- ABOUT THIS TASK:
Any picture in the range stays out of the copy; retype exactly the lines from the one with "2019 Fashion Men" to the end of the listing.

- SOURCE MATERIAL:
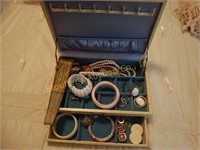 Jewelry box w/costume jewelry, hand fan,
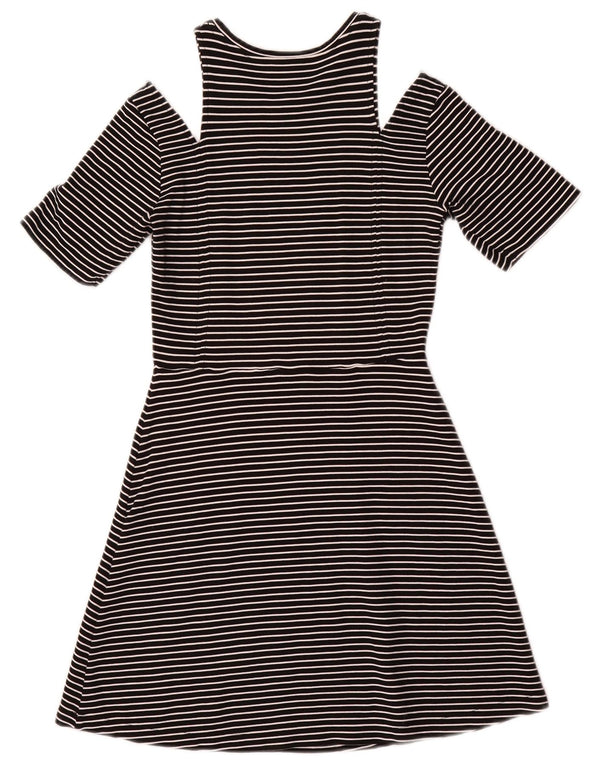 Whistles Vestido con hombros descubiertos para mujer, talla 40, talla pequeña, viscosa negra a rayas
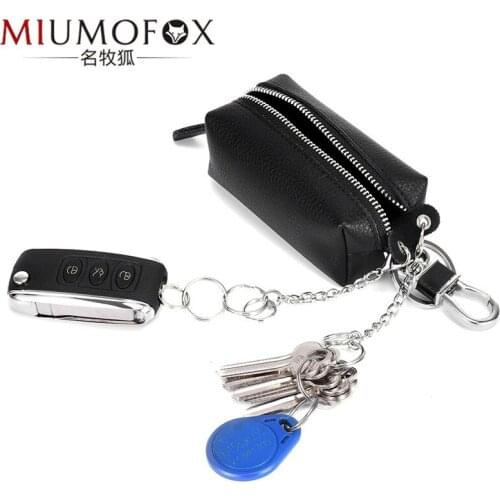 2019 Fashion Men Key Wallet Zipper Purse Car Keys Big Capacity Genuine Leather Keychain Car Keys Bag Coin Purses Unisex Key bag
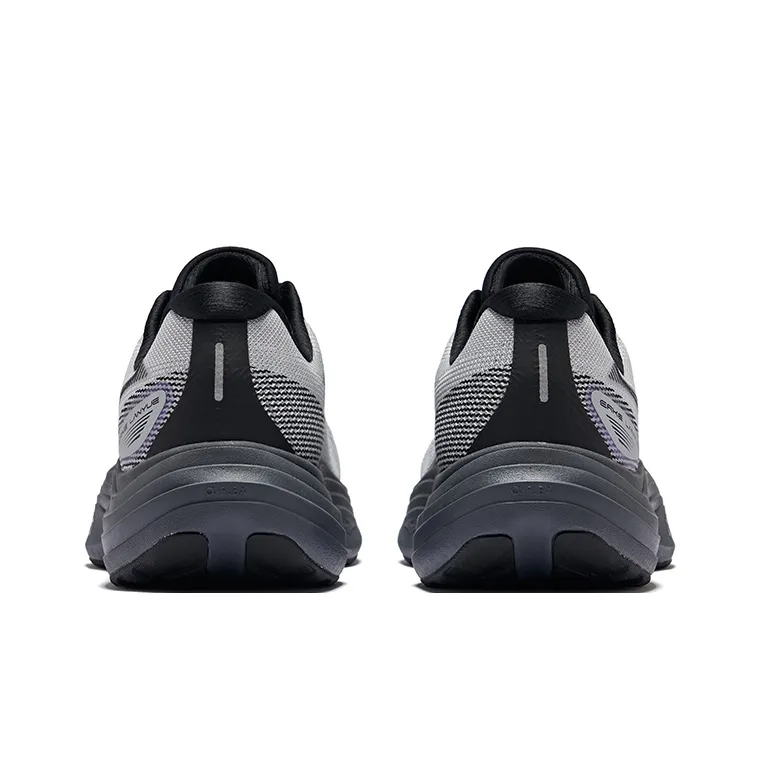 Erke Smocking Cushioning Rebound Low Top Training Running Shoes Men's Snow Gray Jet Black-3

- ANSWER SECTION:
 2019 Fashion Men Key Wallet Zipper Purse Car Keys Big Capacity Genuine Leather Keychain Car Keys Bag Coin Purses Unisex Key bag
 Erke Smocking Cushioning Rebound Low Top Training Running Shoes Men's Snow Gray Jet Black-3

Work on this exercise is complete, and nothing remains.